**WHAT THE EXERCISE ASKS**
Leave the pictures out, and repeat exactly each line from the one that holds "콩지래빗 테마 굿즈 제작" through the final line of the entries below.

Pictures with short captions:
━━━━━━━━━━━━━━━━
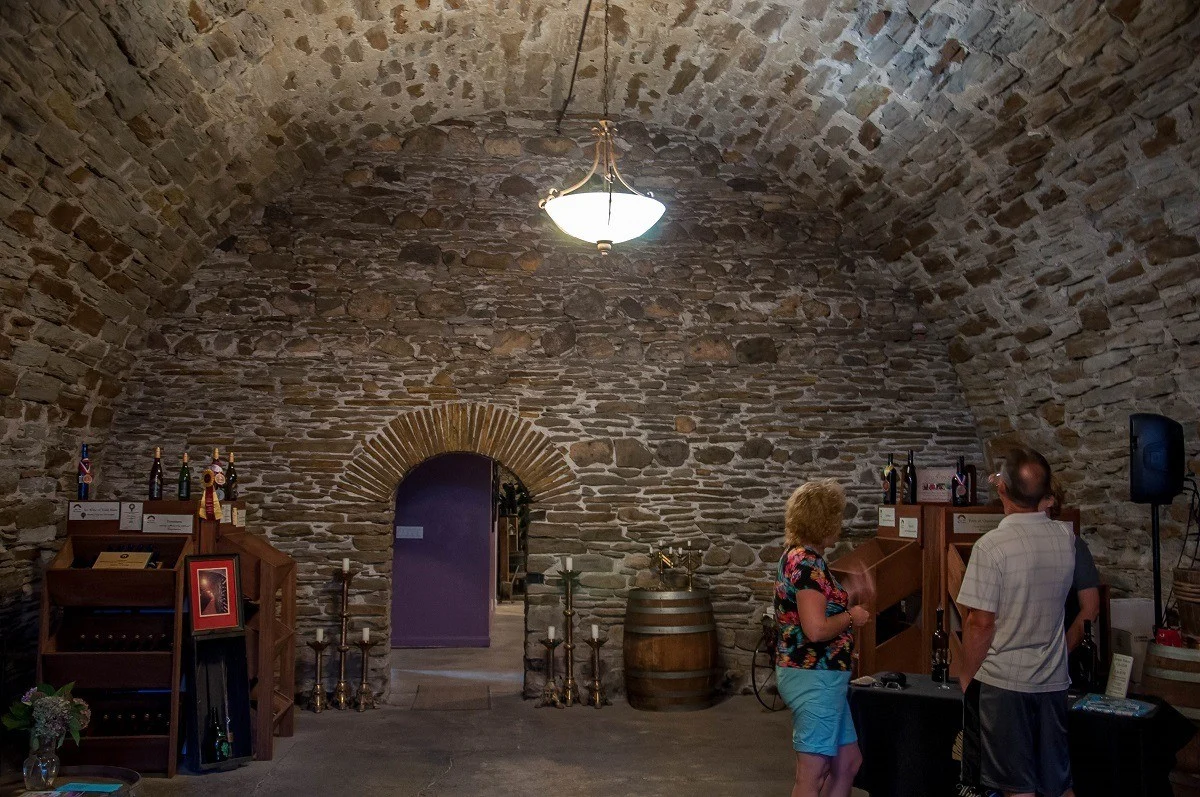 People in stone wine cellar
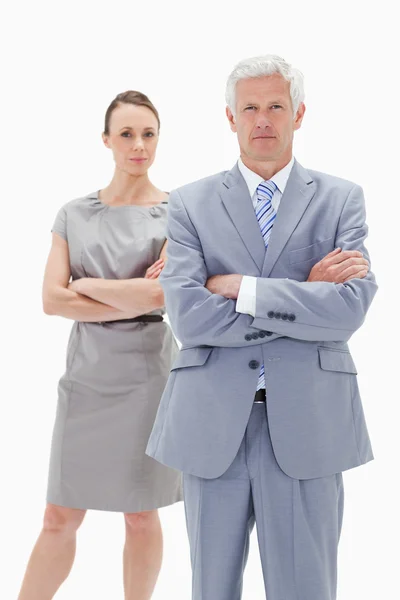 Serious white hair businessman with a woman behind him crossing — Stock Photo, Image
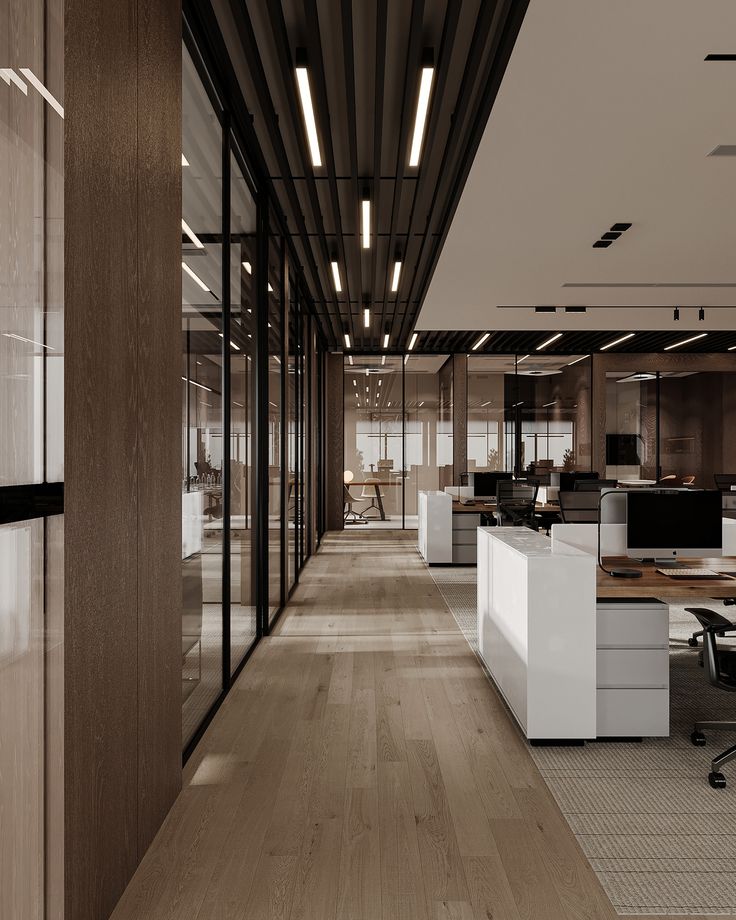 an empty office with wooden floors and glass walls, along with desks and chairs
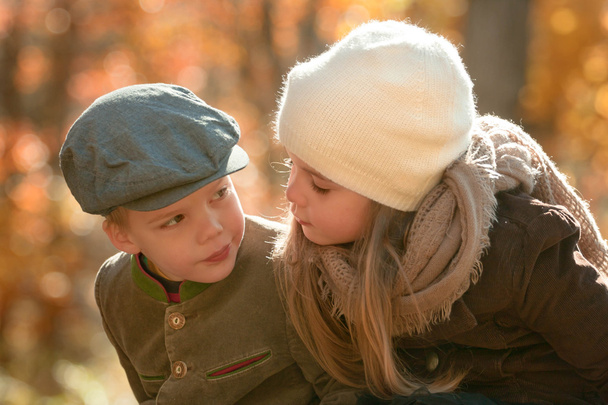 brother and sister dressed up warm looking at each other outdoors - Photo, Image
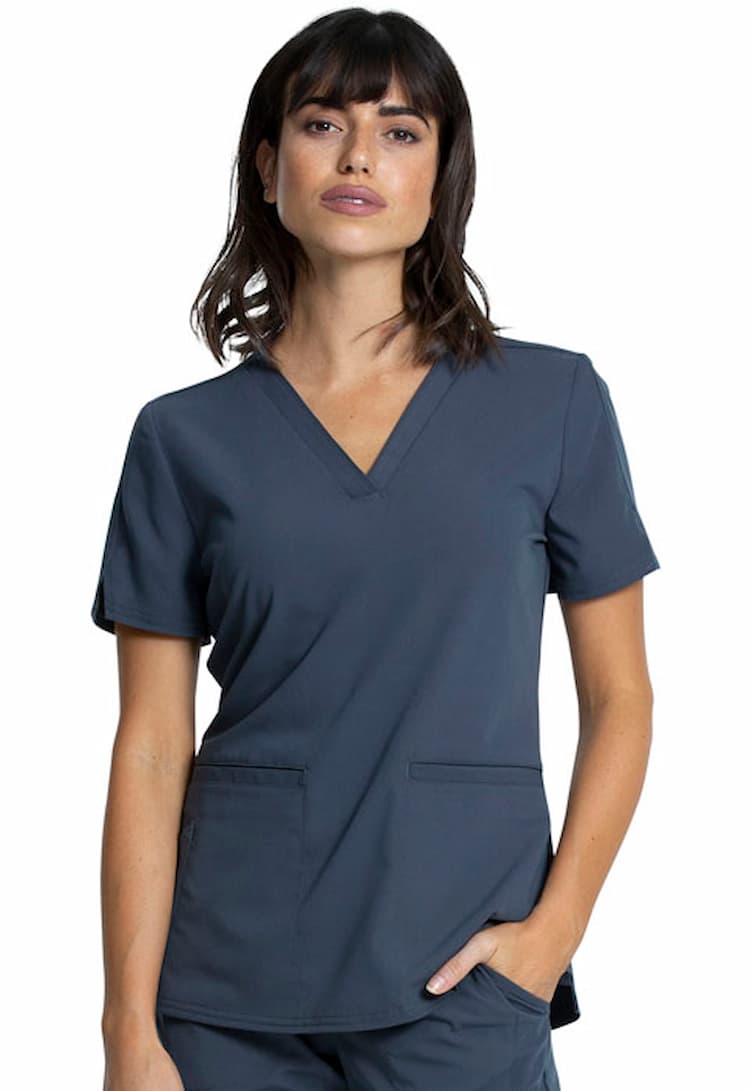 A young female Registered Nurse wearing a Vince Camuto Women's V-neck Scrub Top in Pewter size XS featuring 2 front patch pockets.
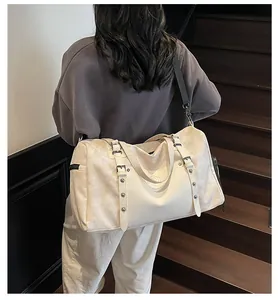 Detalle del bolso de viaje crema con logo XINGJIU sobre tela texturizada y cuero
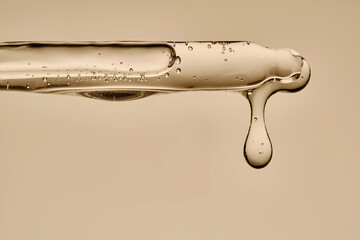 The texture of the hyaluronic serum flowing down the dropper.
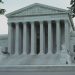 Front view of the iconic Supreme Court building with classical columns and majestic architecture.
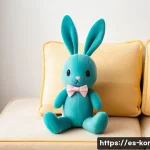 콩지래빗 테마 굿즈 제작 과정 - A cozy, high-quality plush Kongji Rabbit toy sitting on a pastel-colored sofa in a bright, modern li...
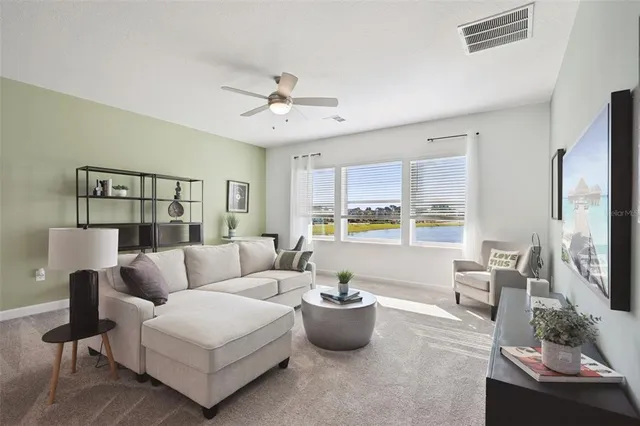 a living room with furniture and a large window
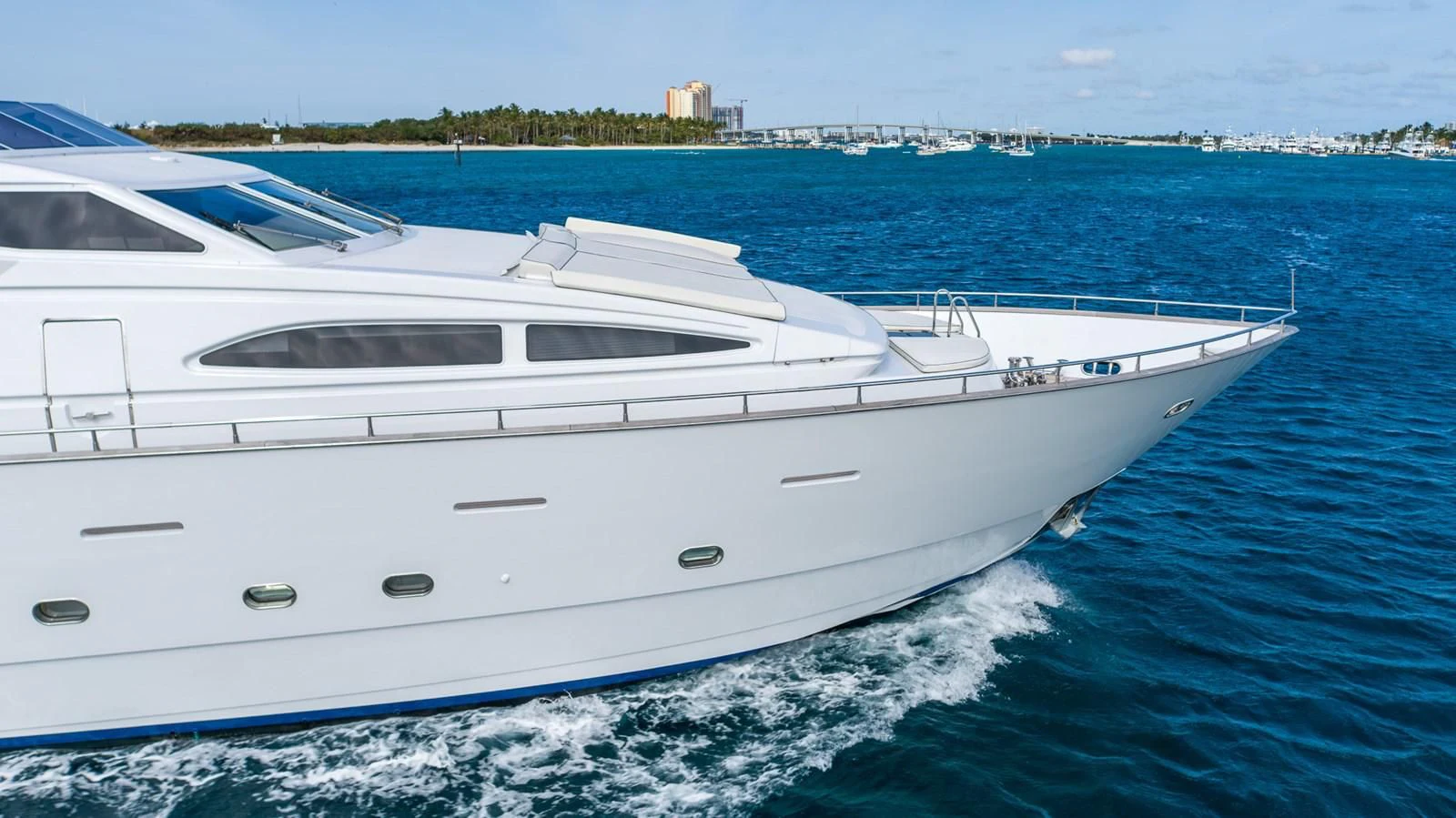 a white yacht on the water aboard ENDLESS SUN Yacht for Sale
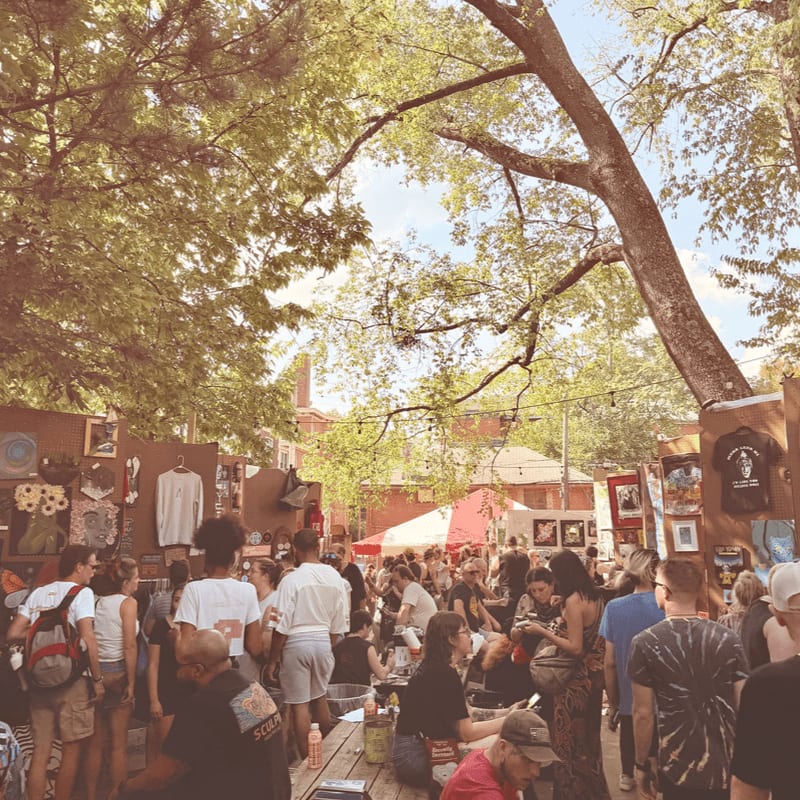 People browse outdoor art stalls under a canopy of large green trees.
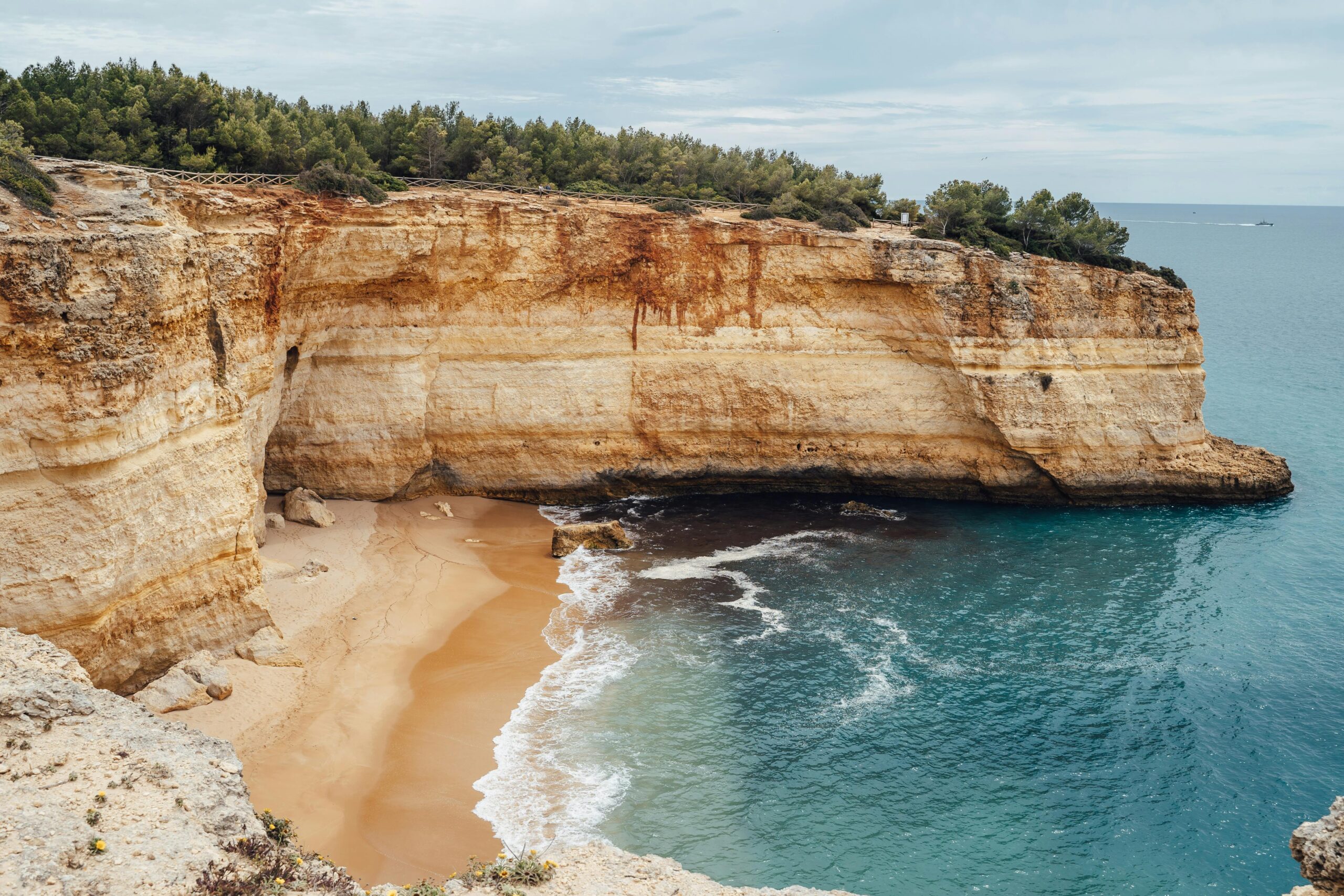 Beautiful coastal cliffs and beach at Praia da Corredoura, Portugal; serene and picturesque.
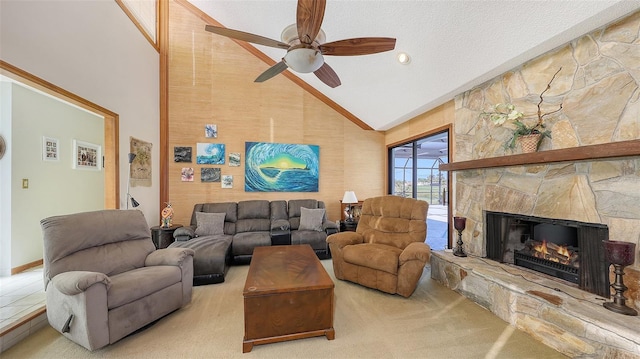 carpeted living room featuring a ceiling fan, a fireplace, high vaulted ceiling, and a textured ceiling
━━━━━━━━━━━━━━━━
**OUTPUT BELOW**
 콩지래빗 테마 굿즈 제작 과정 - A cozy, high-quality plush Kongji Rabbit toy sitting on a pastel-colored sofa in a bright, modern li...
 a living room with furniture and a large window
 a white yacht on the water aboard ENDLESS SUN Yacht for Sale
 People browse outdoor art stalls under a canopy of large green trees.
 Beautiful coastal cliffs and beach at Praia da Corredoura, Portugal; serene and picturesque.
 carpeted living room featuring a ceiling fan, a fireplace, high vaulted ceiling, and a textured ceiling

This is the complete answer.